Previously on the blog, I mentioned that you really shouldn't miss the inside of La Segrada Familia, no matter what guidebooks might tell you. Gaudi's amazing feat of spiritual architecture alone is worth a trip to Barcelona.
The view inside moved me to tears. Unashamed, streaming tears of joy and gratitude.
Gaudi captured the soaring splendor and exalted grandeur of the medieval cathedral, but he removed the hierarchy, judgment, and darkness of Catholicism's past. Rather than a commanding crucifix placed at the apex of the church, Gaudi dangles Christ as if from a whimiscal umbrella over worshipper's heads, close enough that you feel you can reach up and touch his feet.
And he put nature at the center of the house of God. You know that feeling you get when you're in the middle of an old growth forest alone, and the trees sweep up into the sky, and you feel part of something grander than yourself? That's it. He brought it into the church, saying nature's place is here, where we worship divine spirit.
There's a fantastic little exhibit off to the side of the church that shows how Gaudi took direct inspiration from nature, from the fruit and flower shapes that adorn La Segrada to the hive and honeycomb imagery. Divine spirit isn't somewhere out in space, removed from us; it's right here, in the trees and the flowers and the food we eat. It's in us. It is us.
But he didn't just take aesthetic inspiration from nature but structural as well: He studied the way trees brace themselves into the ground and designed columns just like them.
For fans of stained glass, La Segrada represents the pinnacle of the art form.
Perhaps we missed something amazing by entering too late to gain access to the tower, but it was lovely enough just to gaze up the swirling spiral of the staircase from below.

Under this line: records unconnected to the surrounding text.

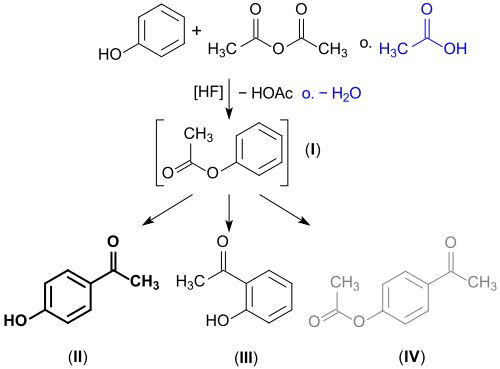 Synthese von 4-Hydroxyacetophenon (4-HAP)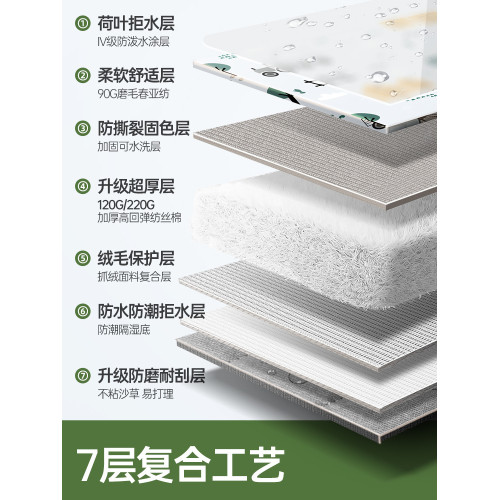 野餐墊防潮墊加厚戶外防水露營帳篷內墊沙灘墊可攜式野炊地墊翅棠無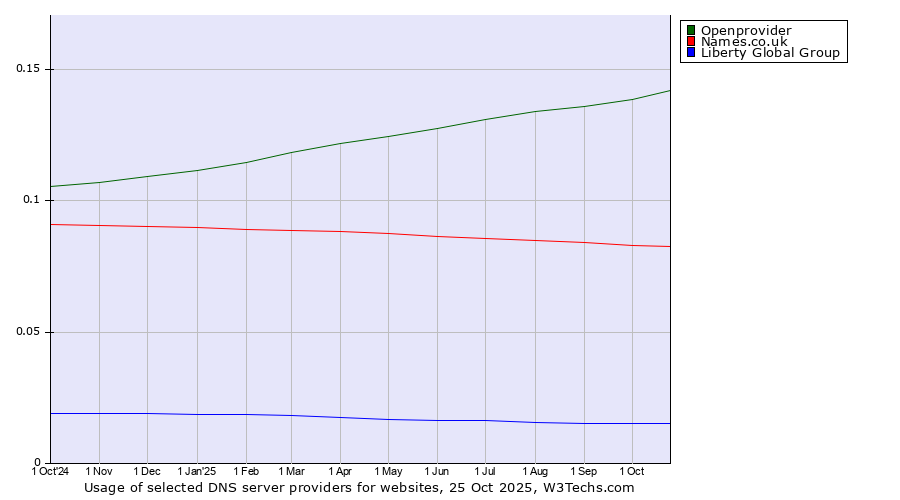 Historical trends in the usage of Openprovider vs. Names.co.uk vs. Liberty Global Group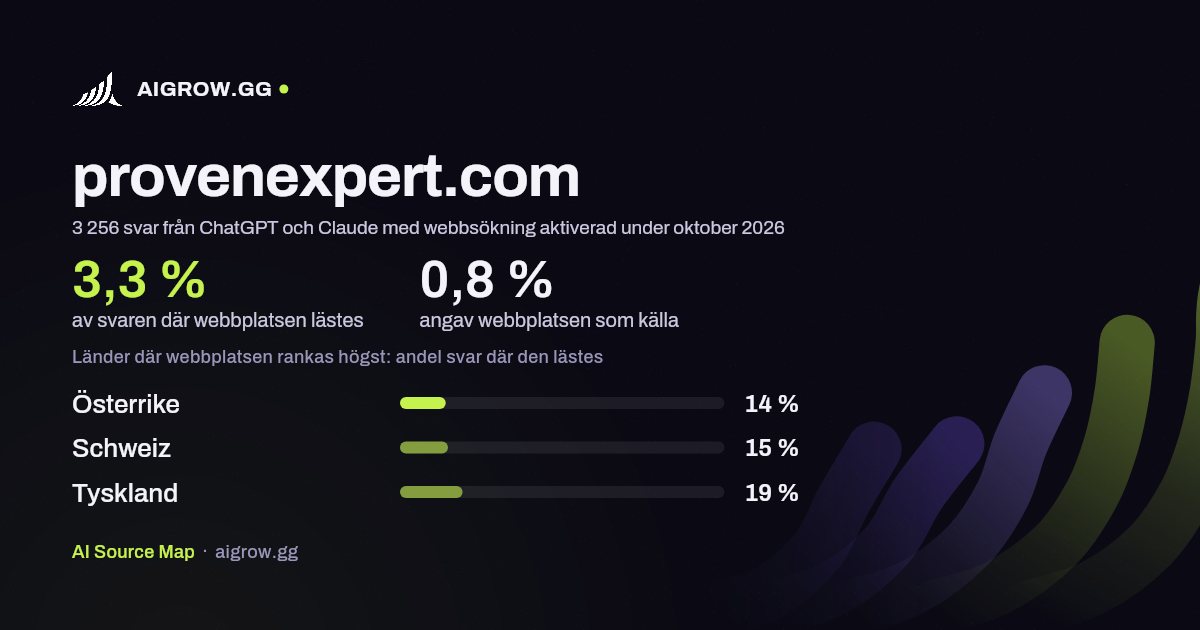 Hur ofta ChatGPT och Claude läser provenexpert.com och var webbplatsen rankas högst under oktober 2026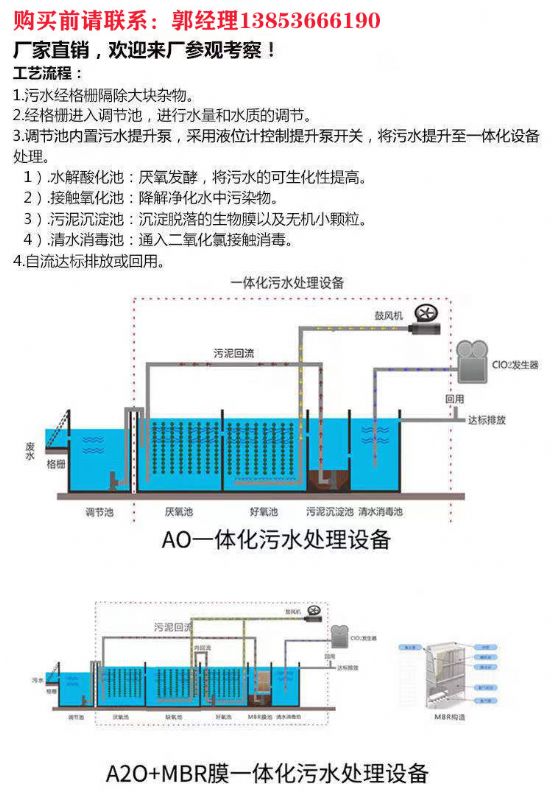 濰坊污水處理廠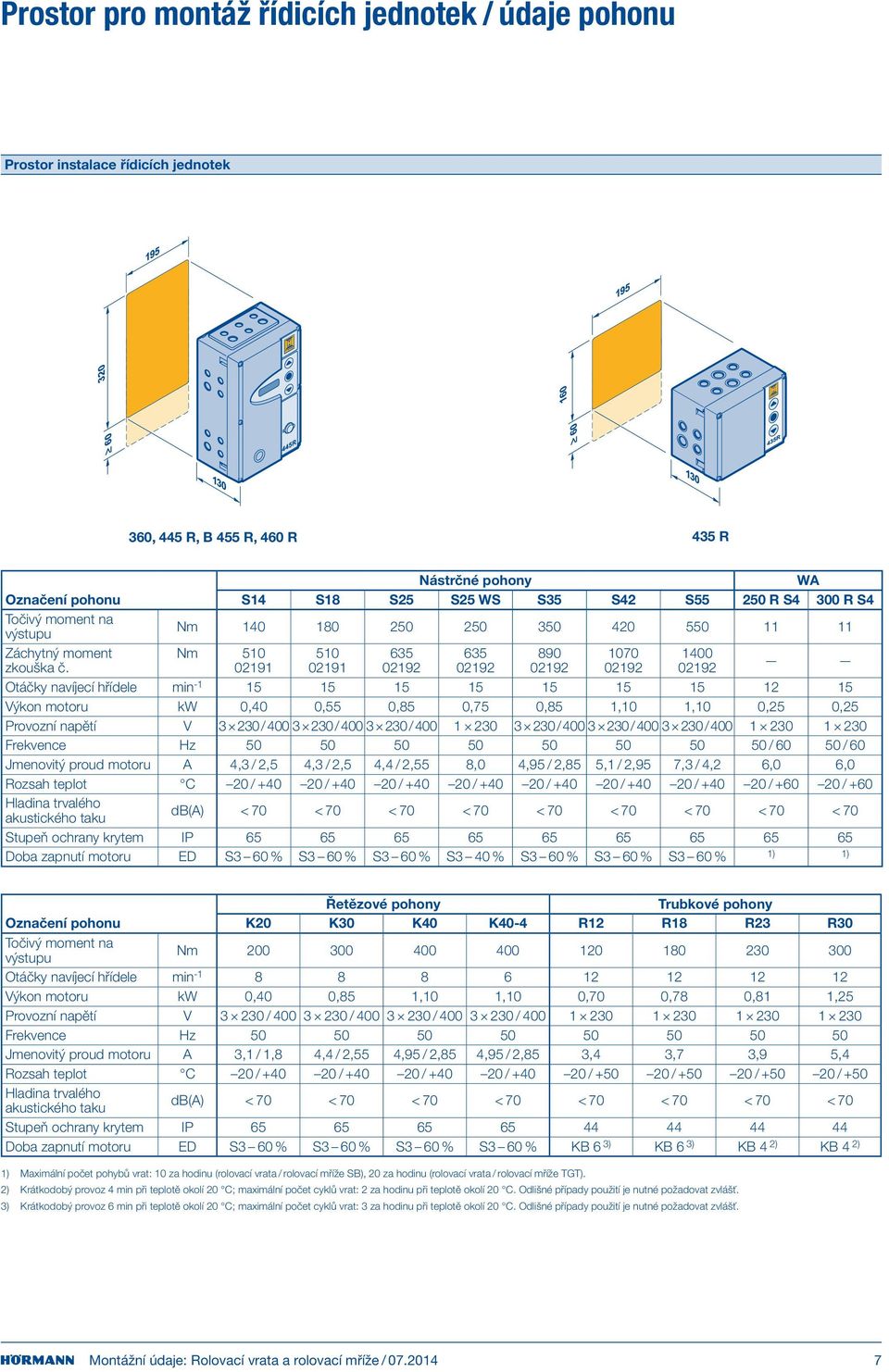 min -1 15 15 15 15 15 15 15 12 15 Výkon motoru kw 0,40 0,55 0,85 0,75 0,85 1,10 1,10 0,25 0,25 Provozní napětí V 3 230 / 400 3 230 / 400 3 230 / 400 1 230 3 230 / 400 3 230 / 400 3 230 / 400 1 230 1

What really struck me about La Segrada is that it's this grand expression of spirit done at great expense and effort. It serves no utilitarian purpose. It's not a commercial venture. It's a venture of the heart, paid for entirely by private donations, one that trandscends the ambitions of one man or even one generation. It's been under construction for a century, since before Gaudi died in 1926, and its sheer scope guarantees that it will take many more years to complete.
All for art's sake, and for the sake of humanity's soul. And that's a rare and beautiful thing indeed.